Earlier this week, the East Coast rail franchise that links London to Inverness via key cities such as Doncaster, York, Edinburgh and Glasgow was handed back to the private sector. Given the past performance of companies operating the franchise, the handover has not been without controversy.
The first operator, GNER, owned by Sea Containers, paid £1.3 billion to run the franchise for ten years. This was a third higher than rivals FirstGroup, Virgin Rail and a joint venture between Denmark’s DSB Railways and freight operator EWS had offered. It also worked out at significantly more than the £22 million they had been paying in previous years. A year later, the government took away the franchise when GNER faced financial difficulties, including the bankruptcy of its parent company.
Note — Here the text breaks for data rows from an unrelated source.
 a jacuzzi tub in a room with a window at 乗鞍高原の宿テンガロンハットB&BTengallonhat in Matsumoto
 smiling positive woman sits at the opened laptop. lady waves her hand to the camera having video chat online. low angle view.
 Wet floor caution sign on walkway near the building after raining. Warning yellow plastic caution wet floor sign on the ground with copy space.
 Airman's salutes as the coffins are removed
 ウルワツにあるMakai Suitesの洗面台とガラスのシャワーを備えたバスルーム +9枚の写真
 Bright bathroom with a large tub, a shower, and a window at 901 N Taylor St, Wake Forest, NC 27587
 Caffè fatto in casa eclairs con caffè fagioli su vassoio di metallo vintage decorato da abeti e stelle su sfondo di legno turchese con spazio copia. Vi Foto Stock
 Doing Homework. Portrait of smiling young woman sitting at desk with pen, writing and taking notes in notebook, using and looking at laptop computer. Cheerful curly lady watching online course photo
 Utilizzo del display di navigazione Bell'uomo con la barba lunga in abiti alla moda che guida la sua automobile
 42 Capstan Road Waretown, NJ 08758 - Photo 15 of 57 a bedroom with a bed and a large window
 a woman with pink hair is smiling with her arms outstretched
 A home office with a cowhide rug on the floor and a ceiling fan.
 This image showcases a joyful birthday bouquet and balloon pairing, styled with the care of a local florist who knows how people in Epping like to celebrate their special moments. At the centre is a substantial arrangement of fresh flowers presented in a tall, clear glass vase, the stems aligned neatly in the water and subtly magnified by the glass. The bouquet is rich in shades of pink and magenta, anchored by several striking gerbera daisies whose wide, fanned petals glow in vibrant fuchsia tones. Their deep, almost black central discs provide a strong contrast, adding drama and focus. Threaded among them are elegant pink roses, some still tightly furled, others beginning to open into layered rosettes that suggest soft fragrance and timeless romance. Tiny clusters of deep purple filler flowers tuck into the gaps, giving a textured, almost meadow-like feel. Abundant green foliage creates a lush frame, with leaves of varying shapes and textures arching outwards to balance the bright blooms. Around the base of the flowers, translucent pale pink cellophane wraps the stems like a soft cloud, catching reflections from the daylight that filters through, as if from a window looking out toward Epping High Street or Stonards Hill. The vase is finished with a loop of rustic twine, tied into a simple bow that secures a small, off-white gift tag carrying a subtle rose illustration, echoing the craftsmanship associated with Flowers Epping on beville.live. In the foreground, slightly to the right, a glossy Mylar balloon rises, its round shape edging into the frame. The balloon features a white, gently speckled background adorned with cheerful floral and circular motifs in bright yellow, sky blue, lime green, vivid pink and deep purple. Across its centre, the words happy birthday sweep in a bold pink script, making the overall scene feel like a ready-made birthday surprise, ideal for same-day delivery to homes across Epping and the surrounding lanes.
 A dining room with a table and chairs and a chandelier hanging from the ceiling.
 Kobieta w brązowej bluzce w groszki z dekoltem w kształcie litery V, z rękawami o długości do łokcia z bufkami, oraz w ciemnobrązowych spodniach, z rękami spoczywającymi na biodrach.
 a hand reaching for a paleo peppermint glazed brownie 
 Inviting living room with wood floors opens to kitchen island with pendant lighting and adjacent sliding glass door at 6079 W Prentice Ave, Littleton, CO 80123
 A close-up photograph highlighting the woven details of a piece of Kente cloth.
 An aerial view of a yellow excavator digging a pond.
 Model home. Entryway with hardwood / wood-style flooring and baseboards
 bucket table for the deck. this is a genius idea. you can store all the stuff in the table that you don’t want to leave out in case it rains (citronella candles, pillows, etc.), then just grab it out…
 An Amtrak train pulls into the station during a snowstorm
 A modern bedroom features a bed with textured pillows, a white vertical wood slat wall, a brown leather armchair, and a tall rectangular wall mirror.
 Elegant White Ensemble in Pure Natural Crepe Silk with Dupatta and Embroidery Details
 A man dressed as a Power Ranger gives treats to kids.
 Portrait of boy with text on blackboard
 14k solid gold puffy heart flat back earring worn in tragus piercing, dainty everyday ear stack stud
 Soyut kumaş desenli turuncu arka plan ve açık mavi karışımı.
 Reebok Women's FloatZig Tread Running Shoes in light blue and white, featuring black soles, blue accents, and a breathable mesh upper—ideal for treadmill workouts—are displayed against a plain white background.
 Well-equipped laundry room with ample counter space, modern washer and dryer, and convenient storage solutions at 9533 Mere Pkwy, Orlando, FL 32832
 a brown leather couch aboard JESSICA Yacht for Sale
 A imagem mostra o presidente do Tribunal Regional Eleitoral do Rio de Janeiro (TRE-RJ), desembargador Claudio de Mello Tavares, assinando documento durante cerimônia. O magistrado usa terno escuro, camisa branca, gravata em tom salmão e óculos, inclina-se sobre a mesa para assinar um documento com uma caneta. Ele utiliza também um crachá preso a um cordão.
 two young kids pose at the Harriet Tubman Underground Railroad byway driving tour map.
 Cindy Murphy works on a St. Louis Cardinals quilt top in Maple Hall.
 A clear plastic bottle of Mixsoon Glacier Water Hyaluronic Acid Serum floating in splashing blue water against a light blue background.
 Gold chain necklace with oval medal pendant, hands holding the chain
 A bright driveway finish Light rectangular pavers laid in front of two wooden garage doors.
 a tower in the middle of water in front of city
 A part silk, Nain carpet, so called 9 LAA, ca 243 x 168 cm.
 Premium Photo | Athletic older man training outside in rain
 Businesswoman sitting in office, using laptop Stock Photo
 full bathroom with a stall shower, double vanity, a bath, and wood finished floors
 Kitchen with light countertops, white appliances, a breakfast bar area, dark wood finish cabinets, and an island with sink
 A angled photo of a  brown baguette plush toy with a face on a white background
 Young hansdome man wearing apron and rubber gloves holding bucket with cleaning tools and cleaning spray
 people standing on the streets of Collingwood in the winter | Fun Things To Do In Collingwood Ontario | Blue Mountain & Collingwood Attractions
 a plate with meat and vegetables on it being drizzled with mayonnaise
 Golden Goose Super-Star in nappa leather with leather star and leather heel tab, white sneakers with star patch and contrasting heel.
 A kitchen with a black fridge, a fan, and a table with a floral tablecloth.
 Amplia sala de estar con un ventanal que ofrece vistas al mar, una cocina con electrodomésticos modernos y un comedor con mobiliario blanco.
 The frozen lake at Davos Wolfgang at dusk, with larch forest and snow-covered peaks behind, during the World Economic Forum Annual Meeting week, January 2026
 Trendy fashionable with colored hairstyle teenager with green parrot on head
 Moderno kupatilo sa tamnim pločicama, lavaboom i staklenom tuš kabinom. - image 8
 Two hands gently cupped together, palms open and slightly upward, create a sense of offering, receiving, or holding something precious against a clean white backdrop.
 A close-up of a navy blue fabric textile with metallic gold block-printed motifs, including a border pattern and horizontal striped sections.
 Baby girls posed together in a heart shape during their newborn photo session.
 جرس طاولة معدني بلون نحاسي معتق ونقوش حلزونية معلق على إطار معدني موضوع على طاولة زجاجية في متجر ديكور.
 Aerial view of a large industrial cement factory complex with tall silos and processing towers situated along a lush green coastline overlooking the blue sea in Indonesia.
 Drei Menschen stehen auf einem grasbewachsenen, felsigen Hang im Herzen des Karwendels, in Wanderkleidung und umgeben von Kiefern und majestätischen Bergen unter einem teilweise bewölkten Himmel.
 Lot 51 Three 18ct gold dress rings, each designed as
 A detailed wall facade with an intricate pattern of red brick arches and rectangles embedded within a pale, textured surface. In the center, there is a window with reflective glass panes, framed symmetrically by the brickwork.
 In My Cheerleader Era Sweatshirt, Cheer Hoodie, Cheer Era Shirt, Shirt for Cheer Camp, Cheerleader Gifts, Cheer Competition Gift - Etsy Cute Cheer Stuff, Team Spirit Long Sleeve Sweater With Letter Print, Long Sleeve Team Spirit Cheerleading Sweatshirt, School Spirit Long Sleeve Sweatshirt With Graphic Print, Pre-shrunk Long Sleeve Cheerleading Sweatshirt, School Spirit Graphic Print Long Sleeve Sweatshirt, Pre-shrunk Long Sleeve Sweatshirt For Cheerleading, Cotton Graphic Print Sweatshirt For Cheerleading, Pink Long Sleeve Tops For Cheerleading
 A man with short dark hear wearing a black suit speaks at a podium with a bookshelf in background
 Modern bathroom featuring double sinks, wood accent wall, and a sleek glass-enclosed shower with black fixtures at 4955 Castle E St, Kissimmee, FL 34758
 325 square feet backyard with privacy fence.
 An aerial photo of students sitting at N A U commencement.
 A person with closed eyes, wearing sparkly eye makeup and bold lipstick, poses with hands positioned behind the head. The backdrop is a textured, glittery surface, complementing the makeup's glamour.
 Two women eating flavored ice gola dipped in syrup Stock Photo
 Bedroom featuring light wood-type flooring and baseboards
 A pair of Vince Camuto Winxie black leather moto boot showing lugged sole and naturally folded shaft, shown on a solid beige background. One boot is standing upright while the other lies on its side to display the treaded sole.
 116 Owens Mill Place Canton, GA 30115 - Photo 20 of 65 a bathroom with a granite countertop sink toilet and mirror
Then in 2007, National Express won the contract. They outbid rivals Arriva, First and Virgin Rail and promised to pay a £1.4 billion premium to the Department for Transport over seven years.
But just two years later, National Express announced it was pursuing talks with the government for possible financial assistance in operating the franchise. Little came of the talks and National Express said it would default on the franchise before the end of 2009.
The government renationalized the franchise, intending to return it to market by 2013. This was later pushed back to February 2015.
During the last six years, the railway has returned some £1 billion to the Treasury, increased passenger satisfaction and won numerous awards and accolades for performance. Passengers and politicians have started taking seriously again the idea of rail nationalization, including many in the opposition Labour Party.
This hasn’t led to a change in policy so far. The East Coast Main Line is now operated by Richard Branson’s Virgin and the Scotland-based Stagecoach Group.
Which raises another question. Privatization was meant to increase competition in British rail. Yet the owners of Virgin Trains East Coast also operate the West Coast Main Line, the Midland Main Line and the South Western Main Line, meaning all major rail routes from London to Scotland are now in the hands of the same people. That’s rather the opposite of competition!